I told my friend yesterday that I feel like The Grinch. Why does everyone feel compelled to fit their yearly entertaining into December? Why do we leave March so unattended to? What’s wrong with wine parties in say, September?
I have, no doubt been feeling enormously blue for each of our recent last Decembers. Life has conspired to make me so and, I have given in. Then, tonight I went to a lovely party thrown by a friend with far, far more than me to feel blue about. She confided that she almost did not hold her annual December party because she felt so weighed down by life’s challenges. Then she turned to herself (figuratively) and decided that perhaps that very ‘weight’ was exactly why she should after all, have 30 or so loud, chatty women drink wine at her house.
We chatted about mom-things. Moms-of-teens things: proms, colleges, careers (for us), exercise. Who looked good. Who had a nice sweater. We mentioned how stressful December is with its cards and cooking.
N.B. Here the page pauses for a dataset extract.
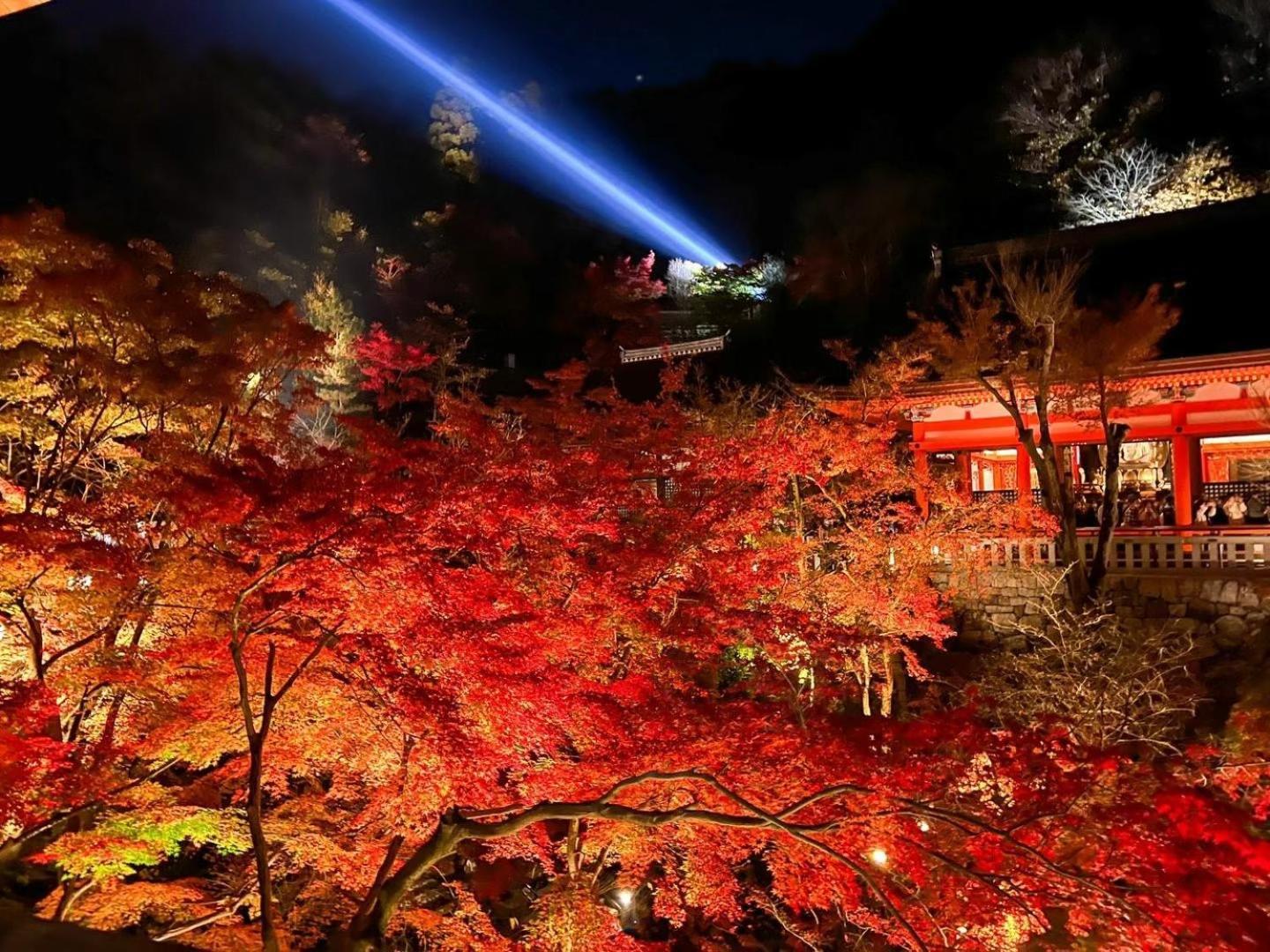 Rinn Gion Shirakawa Kioto Zewnętrze zdjęcie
One friend warmly told me to let the (damned) cards go; that the year she did so she stood 3 inches taller from the lightening of her load! I left feeling supported and calm.
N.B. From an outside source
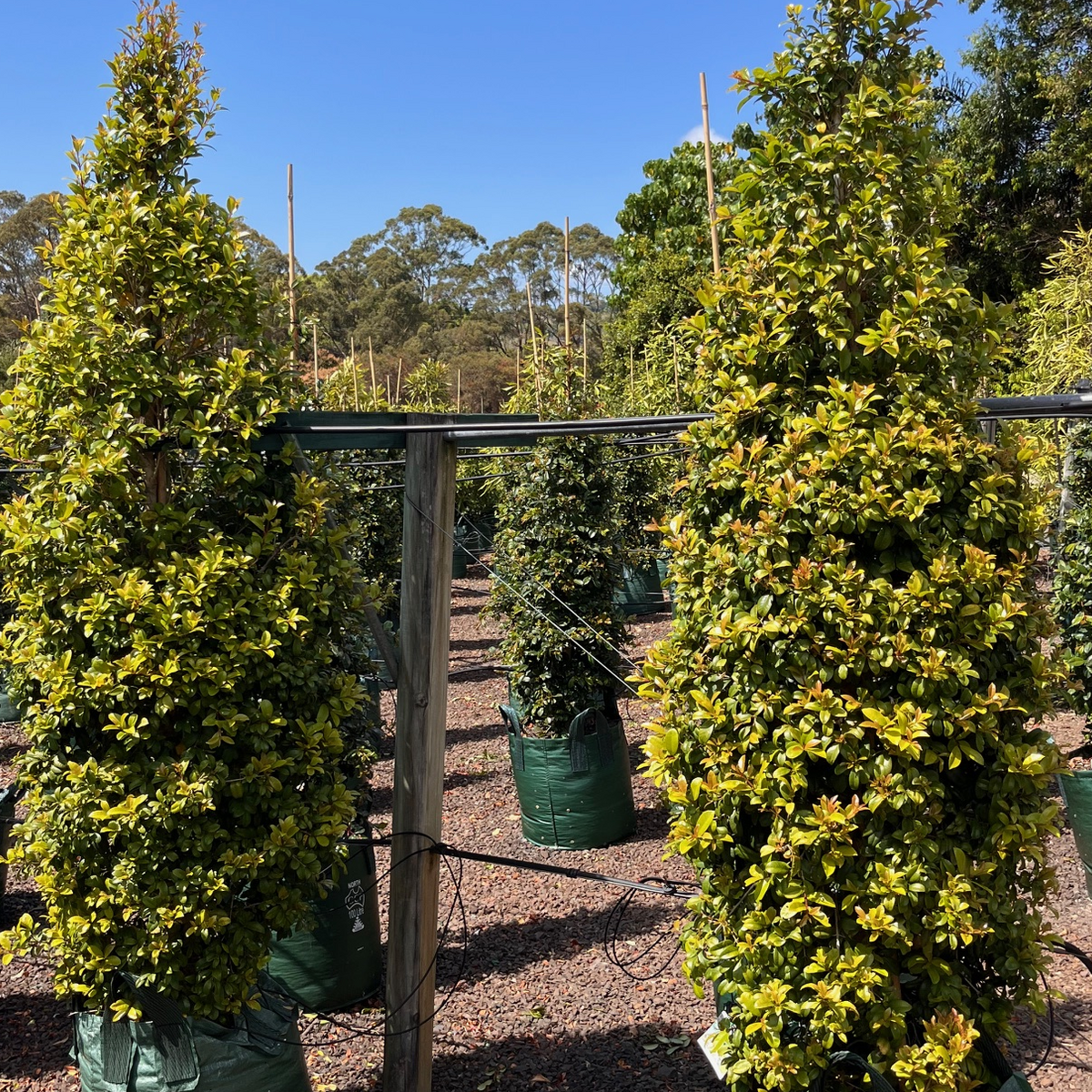 Syzygium australe Pinnacle PBR — columnar psyllid-resistant Lilly Pilly for tight screening, Cape Nursery Byron Bay NSW — 100L · 2.4–2.6m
I did not leave giving up on the (damn) cards though. The gathering (yet another in the many) made me see something. Our holidays can be hard for many. For me, change has made them difficult. For some, loss makes them lonely. Perhaps a wise person somewhere, someday, saw that filling the month with parties and cards gets us through if we are brave enough to be present and take part of them.
Maybe there is something to this insanity of cards and socializing after all,
And the Grinch, with his Grinch-feet ice cold in the snow, stood puzzling and puzzling, how could it be so? It came without ribbons. It came without tags. It came without packages, boxes or bags. And he puzzled and puzzled ’till his puzzler was sore. Then the Grinch thought of something he hadn’t before. What if Christmas, he thought, doesn’t come from a store. What if Christmas, perhaps, means a little bit more.”